如何自动生成消息的分区键(Kafka + Python)?

How to automatically generate partition keys for messages (Kafka + Python)?

我正在尝试为 Kafka 中的每条消息生成密钥,为此我想创建一个密钥生成器,将主题的前两个字符和推文 ID 连接起来。

这是在 kafka 中发送的消息示例:

{"data":{"created_at":"2022-03-18T09:51:12.000Z","id":"1504757303811231755","text":"@Danielog111 @POTUS @NATO @UNPeacekeeping @UN Yes! Not to minimize Ukraine at all, but to bring attention to a horrific crisis and Tigrayan genocide that targets 7M people, longer time frame, and is largely unacknowledged by western news agencies. And people are being eaten-literally! @maddow @JoyAnnReid help Ethiopians!"},"matching_rules":[{"id":"1502932028618072070","tag":"NATO"},{"id":"1502932021731115013","tag":"Biden"}]}'

这是我修改后的代码以尝试生成分区键(我使用的是 PyKafka):

from dotenv import load_dotenv
import os
import json
import tweepy
from pykafka import KafkaClient


# Getting credentials:

BEARER_TOKEN=os.getenv("BEARER_TOKEN")

# Setting up pykafka:

def get_kafka_client():
    return KafkaClient(hosts='localhost:9092,localhost:9093,localhost:9094')

def send_message(data, name_topic, id):    
    client = get_kafka_client()
    topic = client.topics[name_topic]
    producer = topic.get_sync_producer()
    producer.produce(data, partition_key=f"{name_topic[:2]}{id}")

# Creating a Twitter stream listener:

class Listener(tweepy.StreamingClient):

    def on_data(self, data):
        print(data)
        message = json.loads(data)
        for rule in message['matching_rules']:
            send_message(data, rule['tag'], message['data']['id'].encode())
        return True
    
    def on_error(self, status):
        print(status)

# Start streaming:

Listener(BEARER_TOKEN).filter(tweet_fields=['created_at'])

这是我遇到的错误:

File "/Users/mac/.local/share/virtualenvs/tweepy_step-Ck3DvAWI/lib/python3.9/site-packages/pykafka/producer.py", line 372, in produce
raise TypeError("Producer.produce accepts a bytes object as partition_key, "
TypeError: ("Producer.produce accepts a bytes object as partition_key, but it got '%s'", <class 'str'>)
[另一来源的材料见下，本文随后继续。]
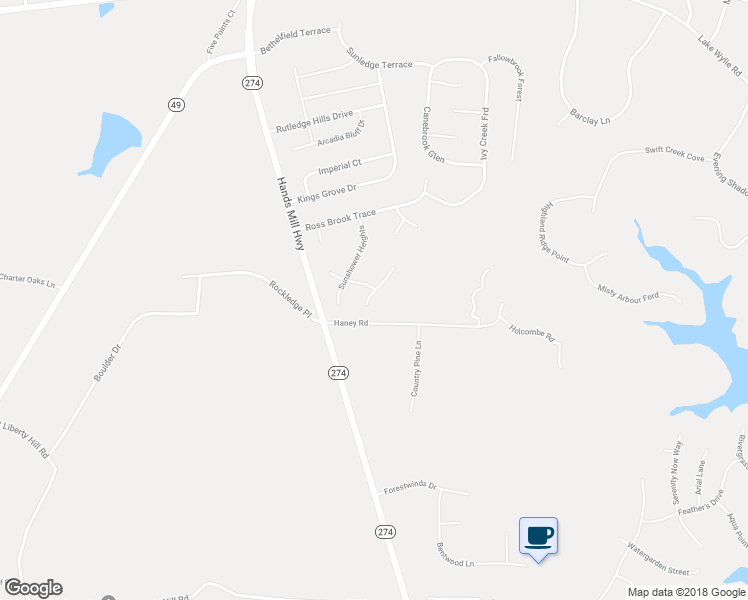 map of restaurants, bars, coffee shops, grocery stores, and more near 737 Rocky Grove Glen in York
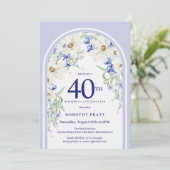 Invitation Bleu Blanc Floral Boho Arch 40e fête d'anniversair (Debout devant)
我也试过不对其进行编码并尝试仅使用数据(以字节为单位)获取 ID,但是 none 这些选项有效。

我发现了错误,我应该编码分区键而不是 json id:

def send_message(data, name_topic, id):    
    client = get_kafka_client()
    topic = client.topics[name_topic]
    producer = topic.get_sync_producer()
    producer.produce(data, partition_key=f"{name_topic[:2]}{id}".encode())

# Creating a Twitter stream listener:

class Listener(tweepy.StreamingClient):

    def on_data(self, data):
        print(data)
        message = json.loads(data)
        for rule in message['matching_rules']:
            send_message(data, rule['tag'], message['data']['id'])
        return True
    
    def on_error(self, status):
        print(status)